After a long day of working with local researchers on corruption issues, your blogger finds himself awake and channel surfing at 4am. As it turns out, jihadist propaganda movies should never, ever be used as a jetlag cure.
I flip on the tube, and with a few clicks get appalling clips of Israeli/Palestinian combat footage, selectively edited to show only Arab suffering and resistance, fast cut and set to crashing rock music. It’s horrible stuff. Wide awake now, I ventured on.
What started as a bleary attempt to entertain myself became a crash course in Arab media. My hotel room has an impressive selection of Arab satellite TV, and I spent some time watching each of the news channels for coverage of the new American president.
It’s focused on the same press conference clips that the BBC is running — Obama’s call to change and a withdrawal from Iraq, though I couldn’t assess the spin. Al Jazeeza is notable for covering both sides of the Gaza conflict, and in Arabic.
Meanwhile, CNN makes passing mention of Obama’s new lobbying restrictions, but spends more time talking about Obama’s kids, Joe Biden’s dancing and the “controversy” surrounding the swearing-in redo. Fox News, in my unscientific sample, apparently skipped Obama but was intensely covering some lady who maybe killed her daughter. Great.
It’s really stunning how bad American TV news can be compared to what was on the other European English-language channels. CNN and CNN International are like different networks (the international version, competing with the BBC, simply has more news on it).
And then I circle back to the Arab propaganda channels. They’re now running an action movie in which a cunning Die Hard type outwits (and assassinates) a variety of corrupt Arabs and Israeli commandos. I’m struck by how terrifyingly violent and hateful and endless the propaganda is.
I also can’t help but note that the action movies feels like a shot for shot remake of the popular American propaganda series “24” — now in its forth season. The storytelling is remarkably similar – the cuts, the hero, the enemy, the violence.
The “24” plotline is notable for being discussed as if it were real — “a fictional but we think plausible scenario involving terrorism” — in a 2008 Republican primary debate. Among the GOP candidates, only Ron Paul and John McCain spoke against the enthusiasm for TV-style “enhanced interrogation” (in “24” the hero threatens, knife in hand, to stab the eyes out of a prisoner). McCain, rather more familiar with torture than the rest of the field, noted then that “it’s not about the terrorists, it’s about us.

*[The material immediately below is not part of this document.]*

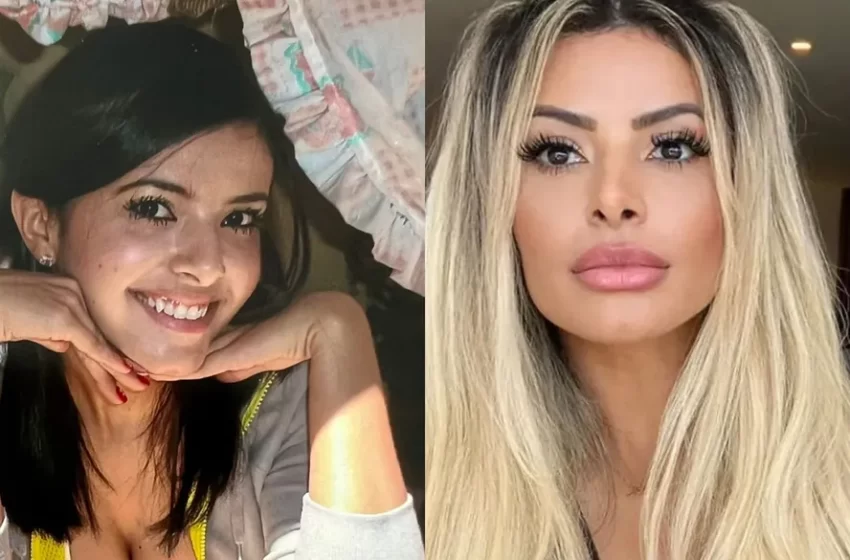  Influencer eleita ‘mulher perfeita’ admite gasto de quase R$ 300 mil em plásticas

It’s about what kind of country we are.”
Seeing media — like Hamas propaganda clips — that’s not aimed at you makes one more aware of the media that is aimed at you. It’s like suddenly all the flash and rattle of TV messaging is, for an instant, painfully contrived, a window into how politically useful a permanent state of war can be. And it’s scary stuff on both sides of the ocean.
As dawn breaks over the Nile, I find a channel running some sort of 1960s-era Algerian dance show, and the peppy hipster blandness is like a warm, soft blanket.